Work order
Your response to the data below should hold nothing except the lines from the one containing "Man lifting a" down to the one containing "Photographie en noir", reproduced exactly and without pictures.

Data for the task
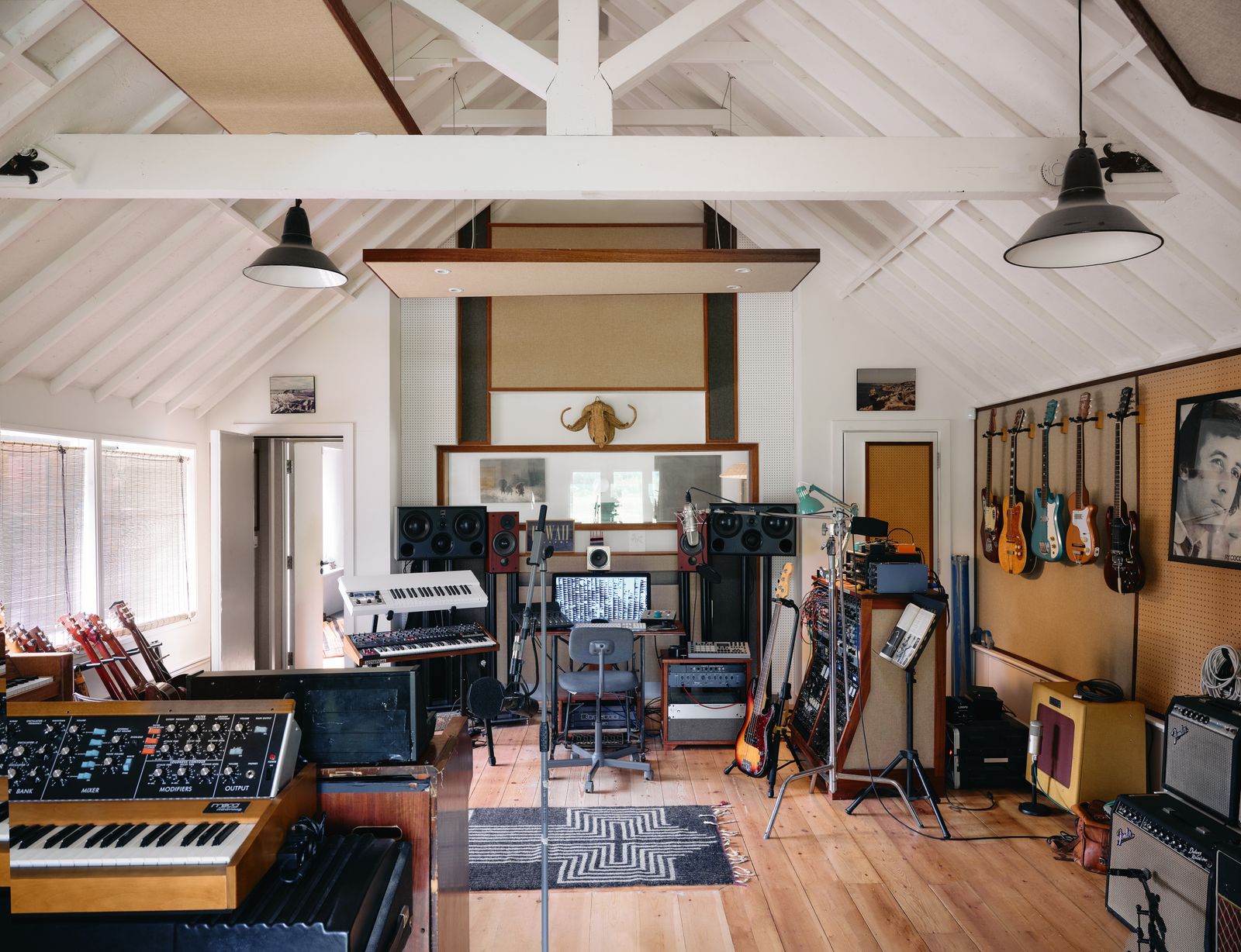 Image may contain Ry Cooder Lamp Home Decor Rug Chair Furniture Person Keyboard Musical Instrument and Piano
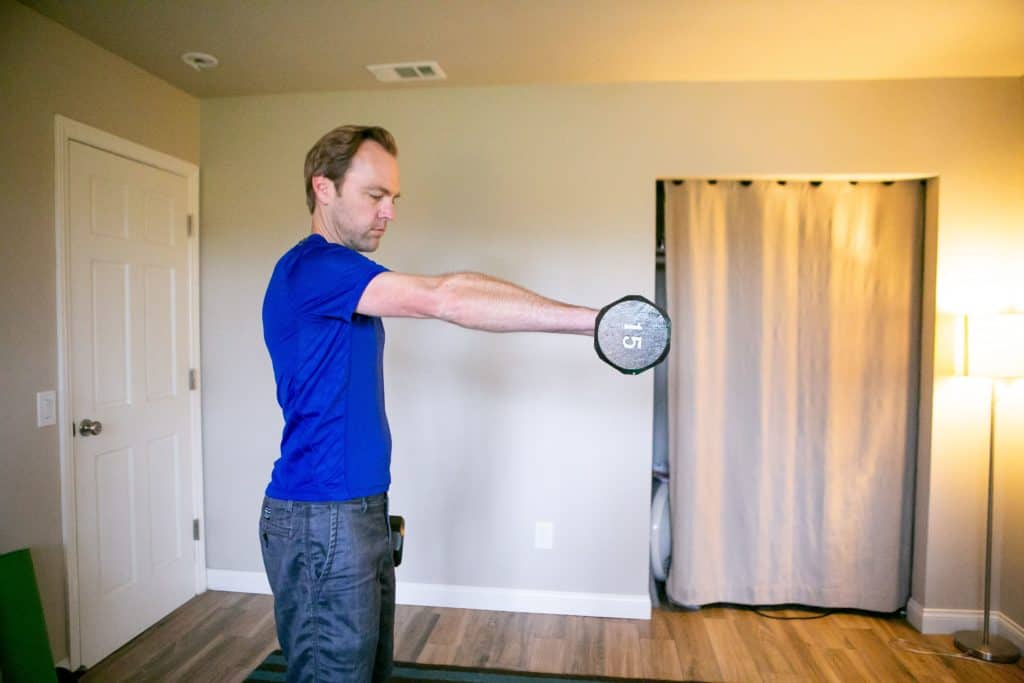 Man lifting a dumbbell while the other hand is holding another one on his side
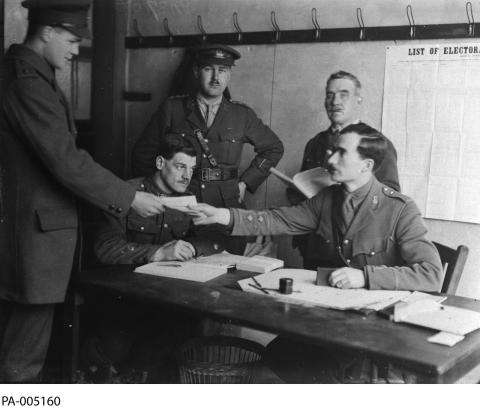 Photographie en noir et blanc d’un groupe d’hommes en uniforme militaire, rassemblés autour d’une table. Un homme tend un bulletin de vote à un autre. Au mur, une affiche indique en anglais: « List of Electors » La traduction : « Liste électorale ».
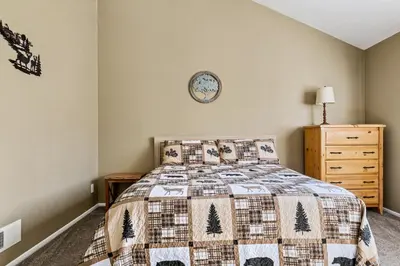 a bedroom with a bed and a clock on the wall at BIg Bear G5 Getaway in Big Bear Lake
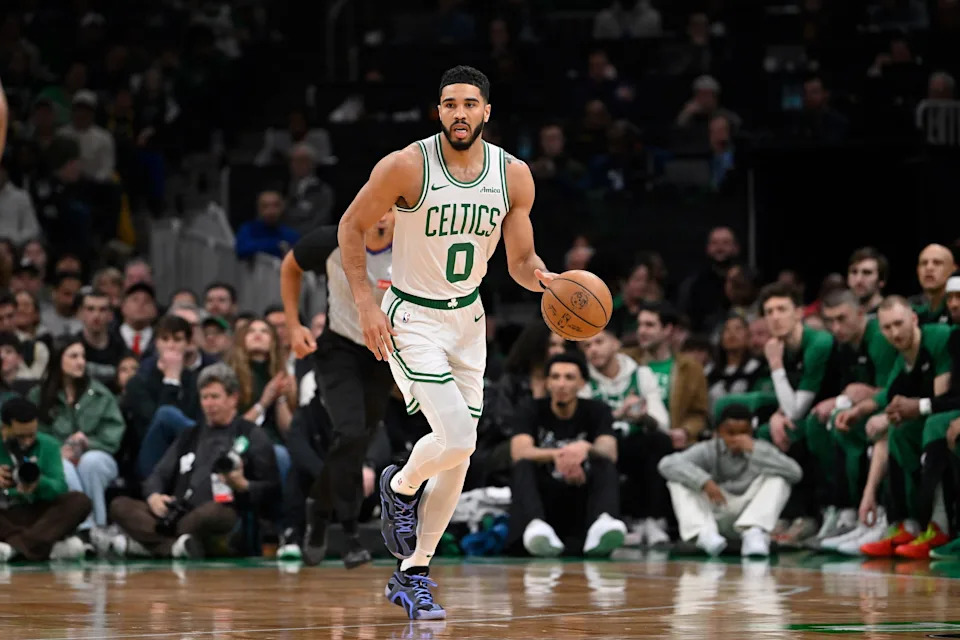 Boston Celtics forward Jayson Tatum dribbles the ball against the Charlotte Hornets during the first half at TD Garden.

Answer for the task
 Man lifting a dumbbell while the other hand is holding another one on his side
 Photographie en noir et blanc d’un groupe d’hommes en uniforme militaire, rassemblés autour d’une table. Un homme tend un bulletin de vote à un autre. Au mur, une affiche indique en anglais: « List of Electors » La traduction : « Liste électorale ».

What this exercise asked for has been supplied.